So Chuck and I looked at that and we hacked on em for a while, and eventually we ripped the stuff out of em and put some of it into what was then called en, which was really ed with some em features. Chuck would come in at night - we really didn't work exactly the same hours although we overlapped in the afternoon. I'd break the editor and he'd fix it and then he'd break it and I'd fix it. I got really big into writing manual pages, so I wrote manual pages for all the great features we were going to do but never implemented.

Eventually Chuck graduated with his Ph.D. for his part of the Pascal system. After he left, there was ex Version 0.1 at the Computer Center. There was a version of the editor from EP016, which stood for September 1, '76, the date that the binary was created - after which we promptly lost the source because we were making so many changes and didn't have SCCS.

Really, what started it all was that we got some ADM-3As to do screen editing. I remember right after Carter got elected, I was sitting in my apartment in Albany, CA, on a Saturday listening to people call Carter and ask stupid questions while I designed the screen editor. That dates it: it was probably '76. It was really a consequence of our initial frustration with Pascal. It went on from there. I stopped working on it whenever they made the reference cards - '78 - '79 - and I really haven't worked on it for five years.

Mike Horton brought his editor along from Bell Labs called hed for "Horton's editor." He was disappointed when vi won out over it. But vi had momentum with the local users - and Mark, somewhat out of frustration, went out and actually supported vi. That was nice, because I didn't have the patience to do it anymore. Just putting the termcap entries in that people would mail me would take hours a week, and I was tired after three or four years.

REVIEW: Didn't Bruce Englar implement the count fields feature?
JOY: Bruce suggested that. At one point there was an acknowledgment section in the documentation for the editor that mentioned all the people who had helped - I don't know if it's still there in Volume 2.

A lot of the ideas for the screen editing mode were stolen from a Bravo manual I surreptitiously looked at and copied. Dot is really the double-escape from Bravo, the redo command. Most of the stuff was stolen. There were some things stolen from ed - we got a manual page for the Toronto version of ed, which I think Rob Pike had something to do with. We took some of the regular expression extensions out of that.

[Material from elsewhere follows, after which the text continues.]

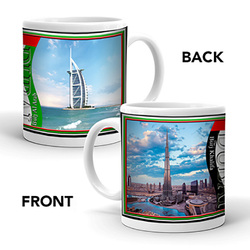 Ajooba Dubai Souvenir Mug Burj Khalifa Burj Al Arab 03, White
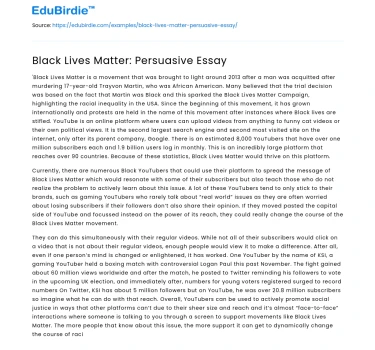Black Lives Matter: Persuasive Essay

REVIEW: What would you do differently?
JOY: I wish we hadn't used all the keys on the keyboard. I think one of the interesting things is that vi is really a mode-based editor. I think as mode-based editors go, it pretty good. One of the good things about EMACS, though, is its programmability and the modelessness. Those are two ideas which never occurred to me. I also wasn't very good at optimizing code when I wrote vi. I think the redisplay module of the editor is almost intractable. It does a really good job for what it does, but when you're writing programs as you're learning... That's why I stopped working on it.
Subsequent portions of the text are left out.